◆ PROBLEM STATEMENT
The expected output is every entry, repeated exactly.

#####

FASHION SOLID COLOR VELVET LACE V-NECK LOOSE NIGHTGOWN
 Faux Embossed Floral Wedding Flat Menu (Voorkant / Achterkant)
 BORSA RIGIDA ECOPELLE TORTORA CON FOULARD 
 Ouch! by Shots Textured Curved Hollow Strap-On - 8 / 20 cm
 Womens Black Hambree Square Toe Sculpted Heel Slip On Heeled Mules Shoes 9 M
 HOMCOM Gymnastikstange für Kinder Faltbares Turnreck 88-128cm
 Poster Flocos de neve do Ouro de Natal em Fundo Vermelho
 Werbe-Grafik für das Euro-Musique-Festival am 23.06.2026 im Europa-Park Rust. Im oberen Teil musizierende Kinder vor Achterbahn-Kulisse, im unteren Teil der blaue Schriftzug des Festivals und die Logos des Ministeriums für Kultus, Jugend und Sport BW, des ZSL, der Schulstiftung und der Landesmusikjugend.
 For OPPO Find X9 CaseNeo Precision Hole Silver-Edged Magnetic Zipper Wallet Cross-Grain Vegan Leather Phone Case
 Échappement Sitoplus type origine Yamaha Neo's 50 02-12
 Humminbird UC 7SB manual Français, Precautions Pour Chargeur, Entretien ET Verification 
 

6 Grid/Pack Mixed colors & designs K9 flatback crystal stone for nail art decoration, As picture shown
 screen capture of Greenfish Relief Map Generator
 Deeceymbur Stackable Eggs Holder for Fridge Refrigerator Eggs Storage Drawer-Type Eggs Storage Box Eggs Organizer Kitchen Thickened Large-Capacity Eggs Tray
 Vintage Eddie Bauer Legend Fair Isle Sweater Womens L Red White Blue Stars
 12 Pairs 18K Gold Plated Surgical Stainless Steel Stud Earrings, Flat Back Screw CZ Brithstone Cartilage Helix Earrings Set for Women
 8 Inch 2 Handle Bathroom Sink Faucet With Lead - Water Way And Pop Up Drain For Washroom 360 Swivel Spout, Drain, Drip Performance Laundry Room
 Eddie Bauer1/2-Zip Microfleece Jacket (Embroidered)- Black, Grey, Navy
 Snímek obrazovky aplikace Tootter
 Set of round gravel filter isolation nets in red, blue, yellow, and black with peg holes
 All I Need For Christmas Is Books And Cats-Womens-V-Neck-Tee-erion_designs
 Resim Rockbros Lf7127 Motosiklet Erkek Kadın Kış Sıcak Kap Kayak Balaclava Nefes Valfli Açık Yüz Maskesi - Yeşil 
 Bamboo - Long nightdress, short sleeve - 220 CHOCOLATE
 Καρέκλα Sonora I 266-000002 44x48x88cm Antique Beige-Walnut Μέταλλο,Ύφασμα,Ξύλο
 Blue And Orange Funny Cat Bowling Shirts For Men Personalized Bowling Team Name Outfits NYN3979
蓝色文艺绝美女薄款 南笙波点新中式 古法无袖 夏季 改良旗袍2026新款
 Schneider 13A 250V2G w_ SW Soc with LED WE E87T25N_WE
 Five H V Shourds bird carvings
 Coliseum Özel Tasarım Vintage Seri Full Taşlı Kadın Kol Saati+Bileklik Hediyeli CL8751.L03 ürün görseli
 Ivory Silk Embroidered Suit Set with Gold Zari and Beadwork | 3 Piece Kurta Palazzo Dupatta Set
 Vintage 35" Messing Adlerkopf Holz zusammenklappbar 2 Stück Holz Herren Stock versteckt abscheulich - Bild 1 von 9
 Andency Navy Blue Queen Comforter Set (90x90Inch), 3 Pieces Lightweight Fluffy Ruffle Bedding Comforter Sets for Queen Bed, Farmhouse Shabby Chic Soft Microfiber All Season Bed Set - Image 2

#####

◆ TASK SOLUTION
FASHION SOLID COLOR VELVET LACE V-NECK LOOSE NIGHTGOWN
 Faux Embossed Floral Wedding Flat Menu (Voorkant / Achterkant)
 BORSA RIGIDA ECOPELLE TORTORA CON FOULARD 
 Ouch! by Shots Textured Curved Hollow Strap-On - 8 / 20 cm
 Womens Black Hambree Square Toe Sculpted Heel Slip On Heeled Mules Shoes 9 M
 HOMCOM Gymnastikstange für Kinder Faltbares Turnreck 88-128cm
 Poster Flocos de neve do Ouro de Natal em Fundo Vermelho
 Werbe-Grafik für das Euro-Musique-Festival am 23.06.2026 im Europa-Park Rust. Im oberen Teil musizierende Kinder vor Achterbahn-Kulisse, im unteren Teil der blaue Schriftzug des Festivals und die Logos des Ministeriums für Kultus, Jugend und Sport BW, des ZSL, der Schulstiftung und der Landesmusikjugend.
 For OPPO Find X9 CaseNeo Precision Hole Silver-Edged Magnetic Zipper Wallet Cross-Grain Vegan Leather Phone Case
 Échappement Sitoplus type origine Yamaha Neo's 50 02-12
 Humminbird UC 7SB manual Français, Precautions Pour Chargeur, Entretien ET Verification 
 

6 Grid/Pack Mixed colors & designs K9 flatback crystal stone for nail art decoration, As picture shown
 screen capture of Greenfish Relief Map Generator
 Deeceymbur Stackable Eggs Holder for Fridge Refrigerator Eggs Storage Drawer-Type Eggs Storage Box Eggs Organizer Kitchen Thickened Large-Capacity Eggs Tray
 Vintage Eddie Bauer Legend Fair Isle Sweater Womens L Red White Blue Stars
 12 Pairs 18K Gold Plated Surgical Stainless Steel Stud Earrings, Flat Back Screw CZ Brithstone Cartilage Helix Earrings Set for Women
 8 Inch 2 Handle Bathroom Sink Faucet With Lead - Water Way And Pop Up Drain For Washroom 360 Swivel Spout, Drain, Drip Performance Laundry Room
 Eddie Bauer1/2-Zip Microfleece Jacket (Embroidered)- Black, Grey, Navy
 Snímek obrazovky aplikace Tootter
 Set of round gravel filter isolation nets in red, blue, yellow, and black with peg holes
 All I Need For Christmas Is Books And Cats-Womens-V-Neck-Tee-erion_designs
 Resim Rockbros Lf7127 Motosiklet Erkek Kadın Kış Sıcak Kap Kayak Balaclava Nefes Valfli Açık Yüz Maskesi - Yeşil 
 Bamboo - Long nightdress, short sleeve - 220 CHOCOLATE
 Καρέκλα Sonora I 266-000002 44x48x88cm Antique Beige-Walnut Μέταλλο,Ύφασμα,Ξύλο
 Blue And Orange Funny Cat Bowling Shirts For Men Personalized Bowling Team Name Outfits NYN3979
蓝色文艺绝美女薄款 南笙波点新中式 古法无袖 夏季 改良旗袍2026新款
 Schneider 13A 250V2G w_ SW Soc with LED WE E87T25N_WE
 Five H V Shourds bird carvings
 Coliseum Özel Tasarım Vintage Seri Full Taşlı Kadın Kol Saati+Bileklik Hediyeli CL8751.L03 ürün görseli
 Ivory Silk Embroidered Suit Set with Gold Zari and Beadwork | 3 Piece Kurta Palazzo Dupatta Set
 Vintage 35" Messing Adlerkopf Holz zusammenklappbar 2 Stück Holz Herren Stock versteckt abscheulich - Bild 1 von 9
 Andency Navy Blue Queen Comforter Set (90x90Inch), 3 Pieces Lightweight Fluffy Ruffle Bedding Comforter Sets for Queen Bed, Farmhouse Shabby Chic Soft Microfiber All Season Bed Set - Image 2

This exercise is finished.